Pay Up

It is natural for all organisations – commercial, NGOs, governments – to want to paint as positive an image of themselves and their activities as possible. In the business world, it can help draw customers and investors, for charities it can assist in attracting donations, for governments it can establish credibility which brings benefits in terms of smooth governance.

But there can also be a downside. When the PR has been too good it can create an overly rosy picture which can have adverse repercussions. A company making a big profit might be expected to lower prices or pay higher taxes, a charity attracting too much money might lose donors, a government setting expectations too high can lose credibility when reality falls short.
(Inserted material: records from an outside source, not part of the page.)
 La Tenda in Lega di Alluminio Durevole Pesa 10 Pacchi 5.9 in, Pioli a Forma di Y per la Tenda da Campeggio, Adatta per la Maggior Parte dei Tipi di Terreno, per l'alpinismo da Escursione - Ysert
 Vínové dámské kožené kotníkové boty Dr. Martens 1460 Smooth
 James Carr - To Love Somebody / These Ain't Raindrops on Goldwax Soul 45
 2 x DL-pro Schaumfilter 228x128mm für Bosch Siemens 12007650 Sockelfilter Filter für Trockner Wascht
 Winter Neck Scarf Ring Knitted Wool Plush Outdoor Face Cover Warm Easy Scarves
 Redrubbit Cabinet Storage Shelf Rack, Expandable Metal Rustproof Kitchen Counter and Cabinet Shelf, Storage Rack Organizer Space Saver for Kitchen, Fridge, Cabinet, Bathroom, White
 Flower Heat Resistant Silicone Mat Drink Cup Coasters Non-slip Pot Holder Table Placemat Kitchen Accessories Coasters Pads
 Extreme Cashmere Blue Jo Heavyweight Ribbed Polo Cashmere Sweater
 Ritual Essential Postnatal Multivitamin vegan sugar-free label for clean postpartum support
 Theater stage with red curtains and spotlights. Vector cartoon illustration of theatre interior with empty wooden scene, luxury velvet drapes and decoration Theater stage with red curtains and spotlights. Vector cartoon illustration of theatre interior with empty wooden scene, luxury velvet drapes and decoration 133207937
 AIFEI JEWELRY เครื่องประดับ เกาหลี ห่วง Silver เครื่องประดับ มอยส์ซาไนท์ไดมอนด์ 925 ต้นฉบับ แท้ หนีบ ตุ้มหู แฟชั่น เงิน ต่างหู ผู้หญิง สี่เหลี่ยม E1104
We may have seen an example of this last week when the Transport and Logistics Bureau issued a paper to the Legco transport panel outlining a way forward for legalising ride-hailing services like Uber. Initial reaction and headlines were quite positive, but closer reading of the small print left some observers disappointed. While other places, such as the mainland and ASEAN countries, managed to sort this subject out years ago, we are going to study the situation for another year and bring forward a draft bill by the end of next year. In other words, no proper Uber until 2026 at the earliest so don’t hold your breath.

I worry we may be heading into similar territory with the growth forecasts for our economy and the consequent effects on public finances. As a result, we may have left local citizens psychologically unprepared for the fee increases for public services which are on the way. Now I make no bones of the fact that I am an unashamed bull on Hong Kong. I have every confidence in the long-term future of our economy and the solidity of our public finances provided we continue to behave prudently. But we need to be careful how we present the information to the community at large.

Take the economy for example. The forecast for the current year is for GDP growth of 2.5 – 3.5 per cent which is good. But these numbers need to be seen in the context of the equivalent figures for the last five years. From 2019 to 2023 the growth figures were -1.7, -6.5, +6.3, -3.5, +3.2. At the end of last year, our GDP was smaller than it had been in 2018. Professor Ho Lok-sang of Lingnan University quoted these numbers in a radio discussion about the prospects for the civil service pay rise after the annual pay trend survey produced private sector figures justifying an increase of up to 5.47 per cent. The state of the economy is one aspect Exco takes into account in finalising the pay award. In the event, the Council approved an increase of 3 per cent.

As regards public finances, the government says they are sound, and I agree. We must keep them that way. The deficit figures the government quotes for the last two financial years are $122 and $100 billion respectively. As I have point out before, this is after taking into account bond sales which are a debt, not income. Stripping these numbers out, the actual figures are $188 and $171 billion respectively. The equivalent forecasts for 2014-25 are $48 billion and $168 billion. Taking these three years together we will have dipped into our accumulated savings by $527 billion, albeit cash in hand will have been bolstered by total bond sales of $258 billion. The government has promised to restore fiscal balance over the next three years.

What this will mean for the man in the street is limited scope for new initiatives involving greater spending, and higher charges for services. Several areas have already been highlighted, including hospital Accident and Emergency charges, university tuition, water supplies, public housing rents etc.

Health secretary Lo Chung-mau said in January he was looking at increasing A & E fees, last revised in 2017, in order to push non urgent cases to the private sector. Chief Secretary Eric Chan Kwok-ki said in June university tuition charges, which had not been adjusted for 20 years, would rise by 17.6 per cent over the next three years. Also in June, Director of Water Supplies Roger Wong Yan-luk said he was looking at increasing water charges, which at present cover only 79 per cent of the costs and had not been adjusted for 30 years, in a “gradual and orderly” way. Public housing rents are reviewed every two years, and the Housing Authority has informed Legco rents will rise by 10 per cent starting 1 October, but with a grace period of three months. Secretary for Housing Winnie Ho Wing-yin said the increases would be affordable for most tenants.

Are there any other candidates for fee revision? The post office must surely be a strong contender. The Audit Commission recently reported the department, which operates as a trading fund which should mean according to prudent commercial principles, had made a loss for seven of the last 10 fiscal years and had a negative return on its fixed assets. The situation is clearly untenable.

No doubt there is a whole raft of other fees and charges due, or overdue, for revision. Hong Kong people are not stupid. They know there is no magic “money tree” and the government needs to balance the books to pay its way. But it would be much more palatable if modest increases were introduced every few years rather than having to contemplate substantial rises after decades of neglect. And much better if the full scale of our deficits were presented in the open, rather than being masked by proceeds of borrowing.